A questo punto rientra in scena il lebbroso. Perché la conversione a Cristo sia autentica e non una semplice pia disposizione d’anima, essa deve tradursi in una conversione al prossimo, in particolare ai più poveri e bisognosi. A suo tempo i più poveri dei poveri erano i lebbrosi e Francesco va verso di essi. Non una sola volta con un gesto eroico isolato. Subito dopo aver riferito il gesto della spogliazione, il Celano prosegue dicendo:

“Poi, come vero amante della umiltà perfetta, il Santo si reca tra i lebbrosi e vive con essi, per servirli in ogni necessità per amor di Dio. Lava i loro corpi in decomposizione e ne cura le piaghe virulente” (FF, 348).

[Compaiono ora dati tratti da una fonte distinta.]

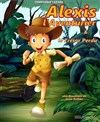 Alexis l'aventurier et le trésor perdu - 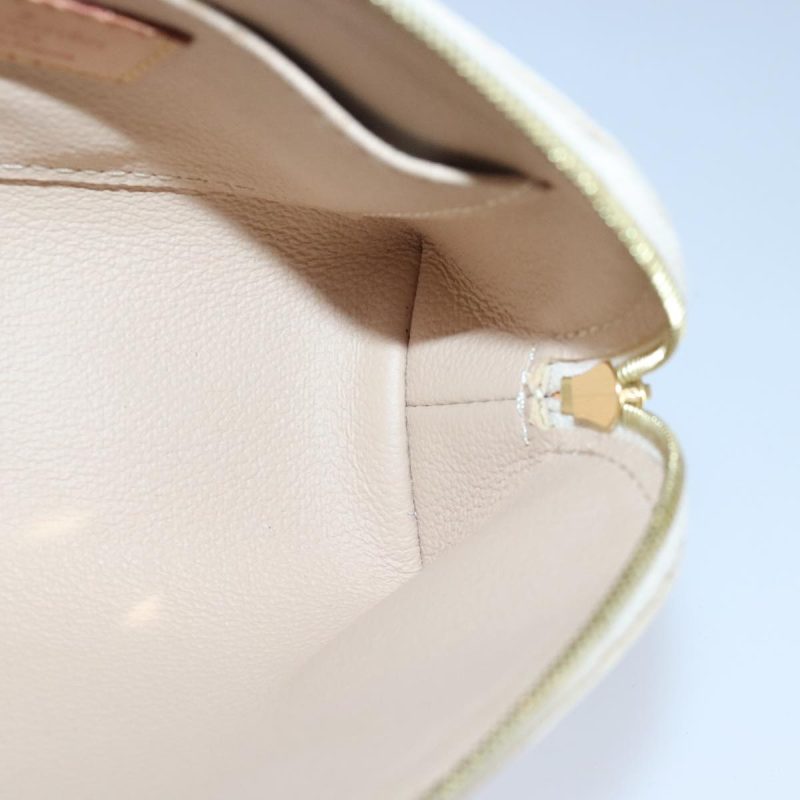 Louis Vuitton Cosmetic Pouch - Image 12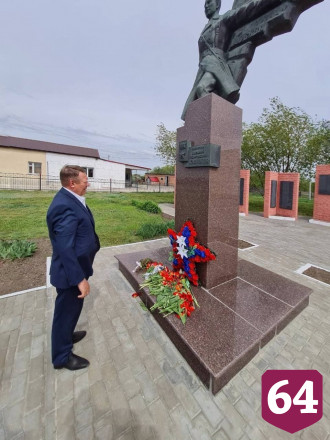 Депутат Госдумы назвал День Победы объединяющим людей праздником
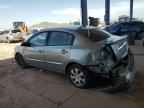 2011 NISSAN SENTRA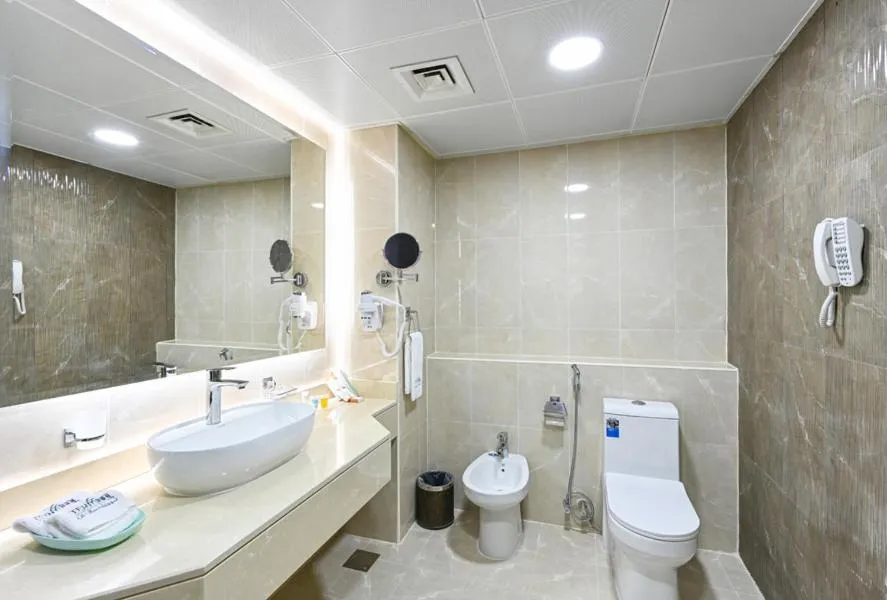 Saray Musheireb Hotel Suites and Apartment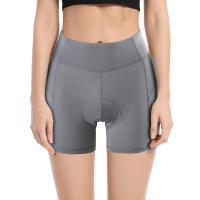 WOSAWE Pantalones de Ciclismo Inflables para Mujeres Malla Transpirable, A Prueba de Golpes, Adecuado para MTB y Bicicleta de Carretera - details 26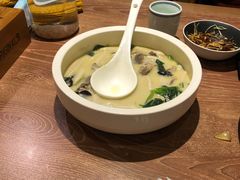 -周家二小姐的菜(西津渡店)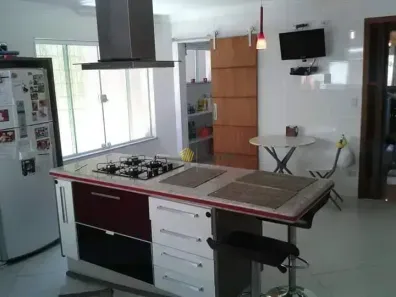 Casa com 3 Quartos à venda, 333m² no Anchieta, São Bernardo do Campo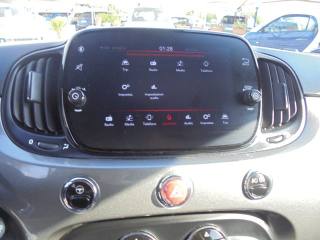 FIAT 500 usata 27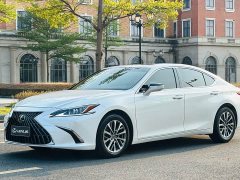 Lexus ES 2021 200 Premium Edition - ფოტო 1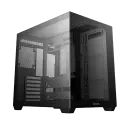 Компьютерный корпус Deepcool GC530, Midi-Tower, Без блока питания, Чёрный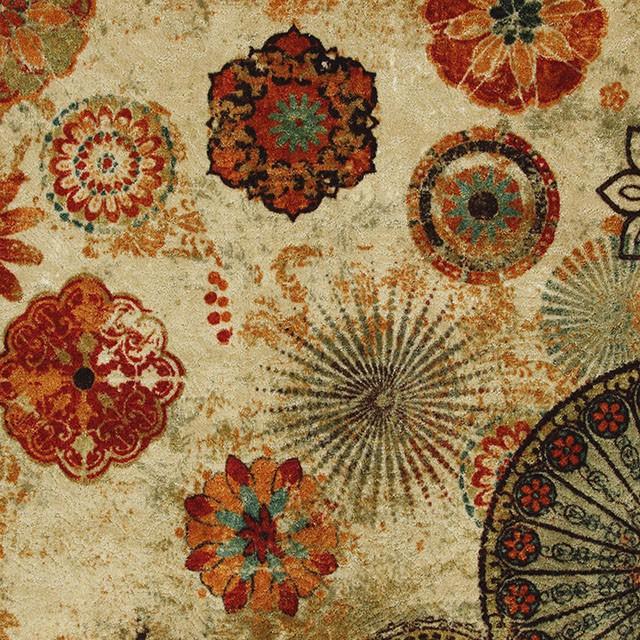Greenville Area Rug - Furniture Center (NY)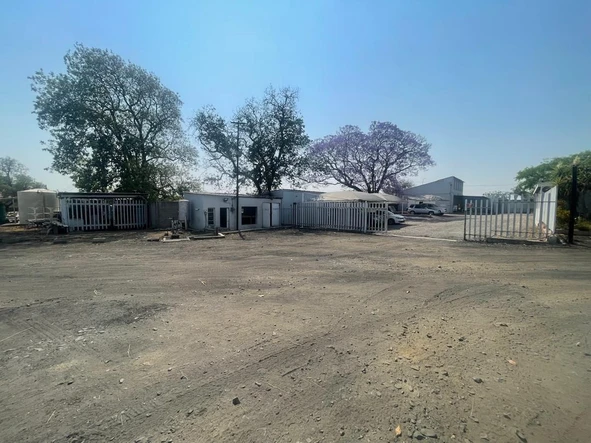 Shop & Retail Property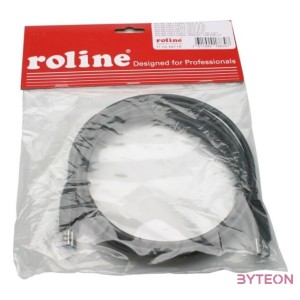 ROLINE kábel USB 3.0 A-B Összekötő 3m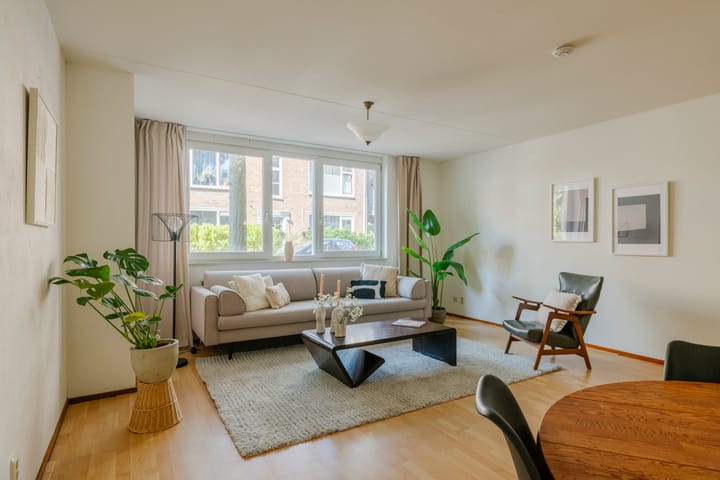 Foto 7 van Nicolaas Beetsstraat 5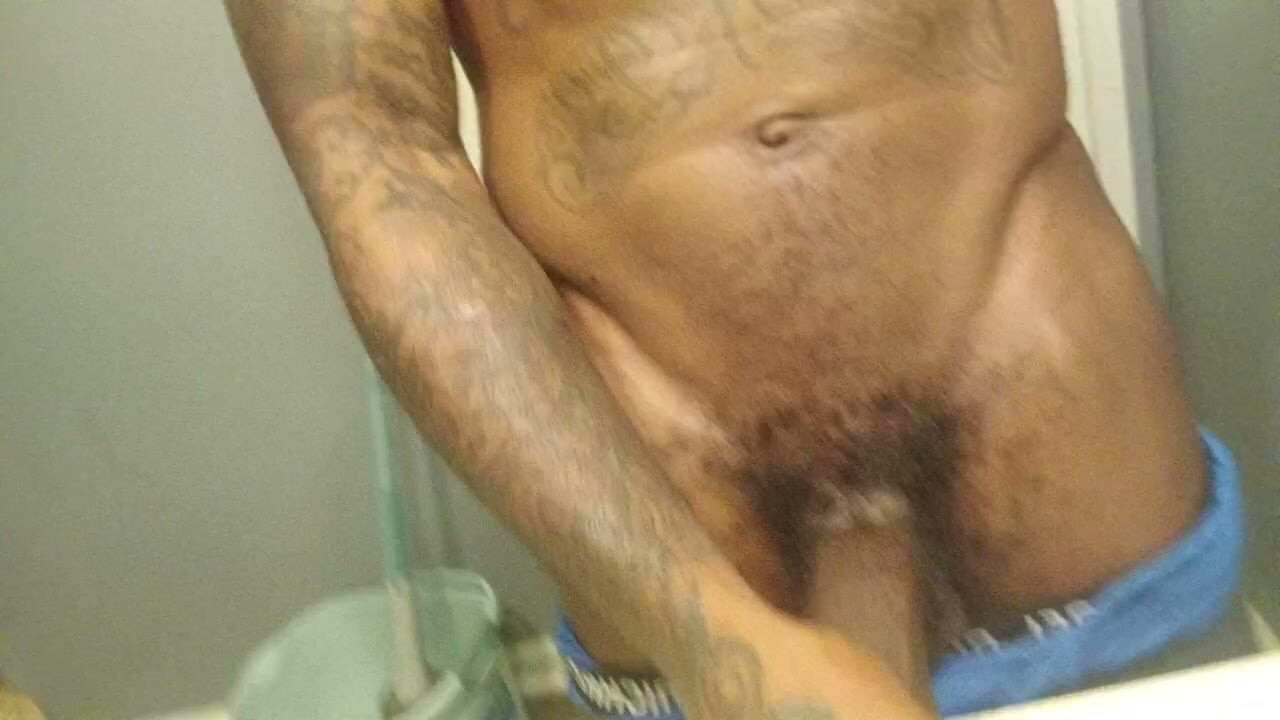 Bored and horny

Il vescovo Domenico Sorrentino ha colto questa dimensione del gesto di Francesco e l’ha sintetizzata in una frase: “La spogliazione di Francesco è una capacità di abbraccio”. È commovente che a dire questo sia il successore del vescovo Guido che quel giorno accolse Francesco nudo sotto il suo manto. Oggi egli ha accolto sotto il suo manto –nella sua Chiesa e in questo santuario della spogliazione – un altro innamorato di Cristo, anche se questa volta solo dopo la sua morte, il beato Carlo Acutis.

Siamo nella linea di papa Francesco e dei suoi sforzi “per un’economia solidale e fraterna”. Essa è anche ciò che ha ispirato l’istituzione del premio internazionale “Francesco di Assisi e Carlo Acutis”, assegnato ieri all’Istituto Serafico di Assisi in occasione del 150° anniversario della sua fondazione.

Il papa S. Leone Magno, nello stesso discorso sull’Ascensione ricordato all’inizio, ha scritto una frase di immensa portata teologica e pratica:  “Tutto quello che c’era di visibile nel nostro Signore Gesú Cristo, è passato ora nei sacramenti della Chiesa”. Uno di questi “sacramenti” – il più universale e concreto- è il “sacramento dei poveri”. Ricordiamo le parole del nostro Maestro: «In verità io vi dico: tutto quello che avete fatto a uno solo di questi miei fratelli più piccoli, l’avete fatto a me» (Mt 25, 40).